Staining of Leukocytes:
Place a drop of liquid feces or a small fleck of mucus on a clean glass slide with a wooden applicator stick. Add two drops of Methylene Blue, Loefflers. Mix thoroughly and carefully, and place a coverslip on the mixture. To obtain good nuclear staining, let the slide stand for two to three minutes. Under low power (100X), make rough quantitative counts by approximating the average number of leukocytes and erythrocytes per field. Differential counts should be performed under high power (400X), counting 200 cells when possible. Only cells clearly identifiable as mononuclear or polymorphonuclear are to be included in the differential count. Epithelial cells and macrophages that cannot be clearly identified are to be ignored. (3)
INTERPRETATION OF RESULTS
When observed microscopically using oil immersion, bacterial cells stain a medium blue color, and the background stains lighter blue. When C. diphtheriae cells are stained, they appear banded or beaded with deep blue staining metachromatic granules. Leukocytes appear light blue (cell cytoplasm) with a dark blue nuclei. Consult appropriate references for more details. (3,7)
Morphology of C. diphtheriae is most distinctive when grown on Loefflers medium.(2) If C. diphtheriae is grown on other media, less satisfactory results may be seen.
When staining C. diphtheriae, overstaining may reduce the contrast between the bacteria and background, or between the cytoplasm and granules.(5)
Some strains of Propionibacterium, Actinomyces, and pleomorphic forms of streptococci may mimic the characteristic stained appearance of C. diphtheriae.(5)
MATERIALS REQUIRED BUT NOT PROVIDED
Standard microbiological supplies and equipment such as loops, glass slides, coverslips, immersion oil, culture media, pipettes, applicator sticks, microscopes, incinerators, and incubators, etc., as well as serological and biochemical reagents, are not provided.
|Stains blue in color|
|Stains blue in color|
|Cell appears banded or beaded with deep blue granules and a lighter blue cytoplasm|
User Quality Control
It is recommended that each new lot of stain be tested with known positive and negative controls and retested each day of use thereafter.(1,4,8)

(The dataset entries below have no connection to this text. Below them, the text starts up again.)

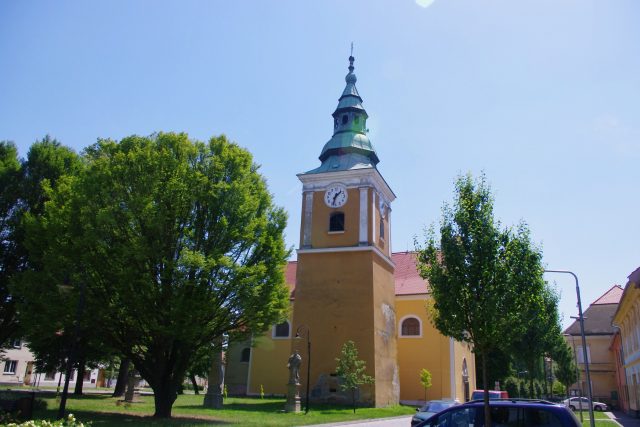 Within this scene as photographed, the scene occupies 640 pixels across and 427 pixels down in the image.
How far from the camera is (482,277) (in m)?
12.1

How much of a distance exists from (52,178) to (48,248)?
6.03 metres

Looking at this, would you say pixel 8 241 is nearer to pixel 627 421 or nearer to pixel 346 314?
pixel 346 314

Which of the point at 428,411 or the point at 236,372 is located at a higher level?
the point at 236,372

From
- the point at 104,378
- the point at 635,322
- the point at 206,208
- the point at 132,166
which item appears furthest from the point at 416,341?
the point at 104,378

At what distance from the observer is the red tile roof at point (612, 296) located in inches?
1894

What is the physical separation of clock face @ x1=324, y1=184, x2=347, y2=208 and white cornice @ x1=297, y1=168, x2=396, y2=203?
1.26 feet

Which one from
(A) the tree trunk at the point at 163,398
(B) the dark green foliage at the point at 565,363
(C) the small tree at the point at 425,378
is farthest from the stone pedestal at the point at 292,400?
(B) the dark green foliage at the point at 565,363

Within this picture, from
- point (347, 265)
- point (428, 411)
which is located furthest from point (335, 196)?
point (428, 411)

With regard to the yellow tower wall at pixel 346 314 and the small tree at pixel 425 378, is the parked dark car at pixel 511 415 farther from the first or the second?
the small tree at pixel 425 378

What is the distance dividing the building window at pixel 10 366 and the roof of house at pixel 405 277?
87.2ft

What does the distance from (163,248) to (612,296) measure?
47.0 meters

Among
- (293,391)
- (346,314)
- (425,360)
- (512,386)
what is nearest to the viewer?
(293,391)

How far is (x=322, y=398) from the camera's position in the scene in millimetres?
30375

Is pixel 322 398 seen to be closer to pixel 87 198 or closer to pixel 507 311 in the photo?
pixel 87 198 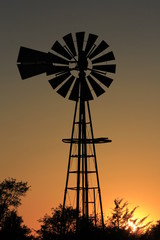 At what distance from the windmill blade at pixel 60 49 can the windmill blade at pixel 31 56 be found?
727mm

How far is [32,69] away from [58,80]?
66.8 inches

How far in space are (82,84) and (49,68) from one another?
2.27m

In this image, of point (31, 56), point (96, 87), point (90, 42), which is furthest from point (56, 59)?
point (96, 87)

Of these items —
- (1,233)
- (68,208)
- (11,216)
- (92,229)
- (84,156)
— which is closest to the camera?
(84,156)

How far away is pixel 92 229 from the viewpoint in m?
35.3

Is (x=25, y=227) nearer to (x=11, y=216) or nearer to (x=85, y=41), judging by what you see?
(x=11, y=216)

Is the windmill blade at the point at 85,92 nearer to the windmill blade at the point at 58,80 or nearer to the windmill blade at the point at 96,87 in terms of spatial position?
the windmill blade at the point at 96,87

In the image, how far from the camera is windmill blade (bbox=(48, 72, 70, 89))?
3341cm

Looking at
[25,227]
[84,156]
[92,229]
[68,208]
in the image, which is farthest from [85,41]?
[25,227]

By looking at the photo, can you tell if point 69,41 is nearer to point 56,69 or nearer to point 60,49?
point 60,49

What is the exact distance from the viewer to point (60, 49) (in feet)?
109

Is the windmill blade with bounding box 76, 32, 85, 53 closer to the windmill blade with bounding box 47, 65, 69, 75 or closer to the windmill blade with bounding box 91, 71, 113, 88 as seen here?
the windmill blade with bounding box 47, 65, 69, 75

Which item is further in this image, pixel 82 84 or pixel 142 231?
pixel 142 231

The microscope should be calibrated (within the last 12 months), and the objectives and oculars used for the calibration procedure should be in place on the microscope when objects are measured.(1,4)
It is recommended that positive controls be run in parallel with patient specimens and that results from this staining procedure be reported only if positive control smears are acceptable.
Methylene Blue, Loefflers stain should appear dark royal blue in color.
1. Anderson, N.L., et al. Cumitech 3B; Quality Systems in the Clinical Microbiology Laboratory, Coordinating ed., A.S. Weissfeld. American Society for Microbiology, Washington, D.C.
2. Jorgensen., et al. Manual of Clinical Microbiology, American Society for Microbiology, Washington, D.C.
3. Henry, J.B., ed. 1979. Clinical Diagnosis and Management, 16th ed., Vol. I. W.B. Saunders Company, Philadelphia, PA.
4. Isenberg, H.D. Clinical Microbiology Procedures Handbook, Vol. I, II & III. American Society for Microbiology, Washington, D.C.
5. Koneman, E.W., et al. Color Atlas and Textbook of Diagnostic Microbiology, J.B. Lippincott Company, Philadelphia, PA.
6. Lillie, R.D. 1977. H.J. Conn's Biological Stains, 9th ed. Williams & Wilkins Company, Baltimore, MD. Reprint by Sigma Chemical Company, 1991.
7. Tilton, R.C., A. Balows, et al. 1992. Clinical Laboratory Medicine. Mosby Year Book, St. Louis, Missouri.
8. State Operation Manual, Provide Certification. 1991. Department of Health and Human Services, Berkeley, CA.